===== DATA TO EXAMINE =====

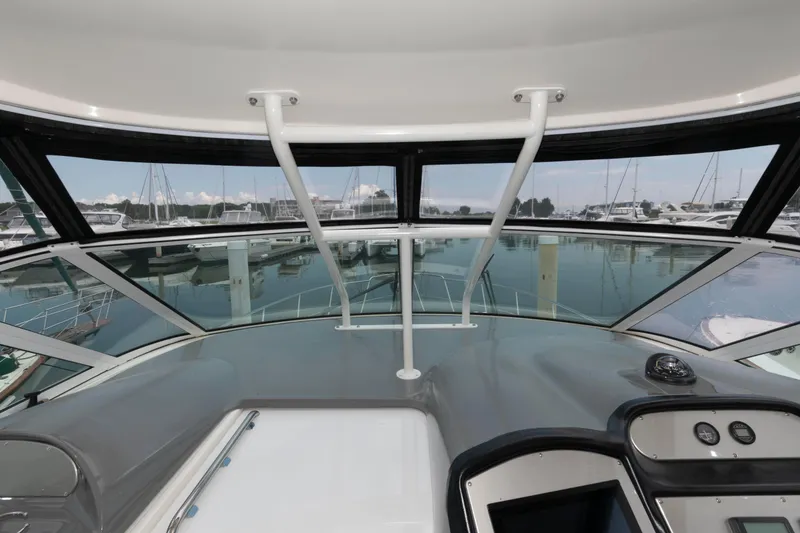 Slide: The Image of 2008 Cruisers Yachts 415 Express Motoryacht helm view with marina backdrop. - 13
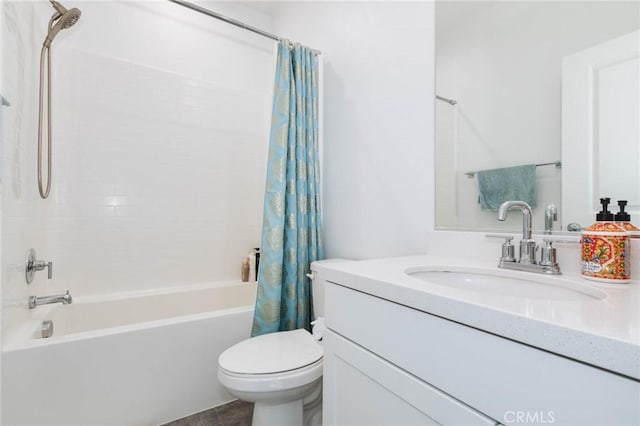 full bathroom featuring tile patterned flooring, vanity, shower / tub combo, and toilet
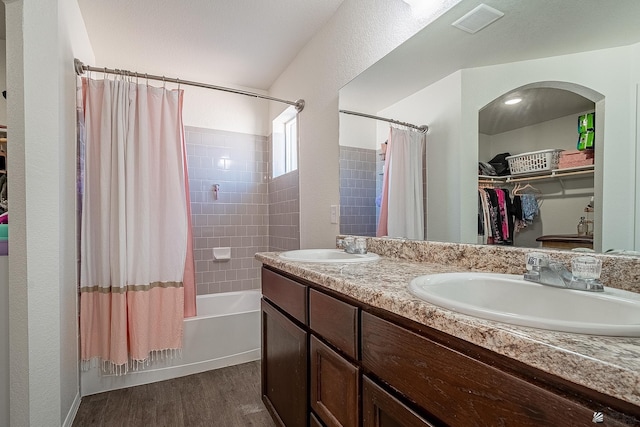 bathroom with hardwood / wood-style flooring, vanity, and shower / tub combo with curtain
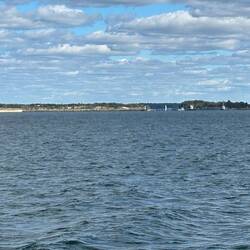 Passing across the entrance to Muskegon Lake and the town of Muskegon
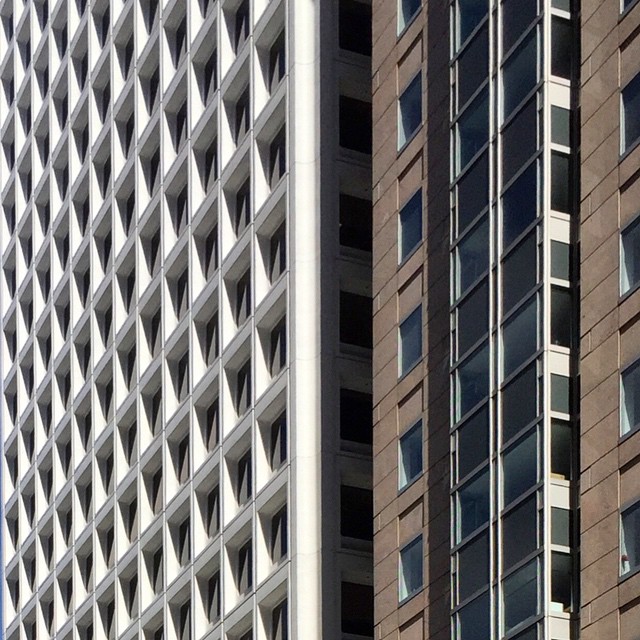 a large building with two very tall towers behind it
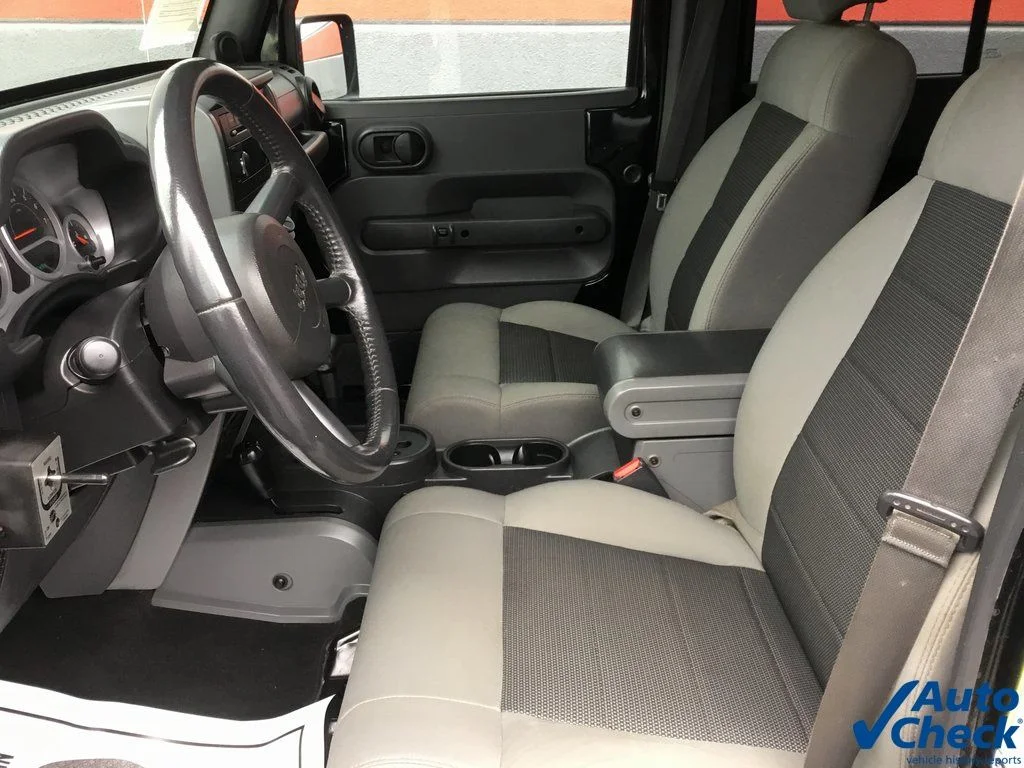 Used 2010 Black Jeep Unlimited Sport image 15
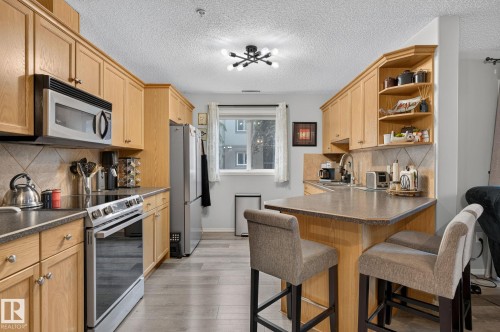 Kitchen featuring light wood cabinetry, stainless steel appliances, a breakfast bar, gray countertops, and wood-finish flooring - 122 279 Suder Greens Drive, Edmonton, AB 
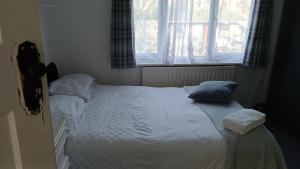 a small bed in a bedroom with a window at Zoran home 3 in Leicester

=====

- TASK TO CARRY OUT -
Transcribe the entries above exactly, from their first line through the line with "a large building", and omit all pictures.

- TASK RESULT -
 Slide: The Image of 2008 Cruisers Yachts 415 Express Motoryacht helm view with marina backdrop. - 13
 full bathroom featuring tile patterned flooring, vanity, shower / tub combo, and toilet
 bathroom with hardwood / wood-style flooring, vanity, and shower / tub combo with curtain
 Passing across the entrance to Muskegon Lake and the town of Muskegon
 a large building with two very tall towers behind it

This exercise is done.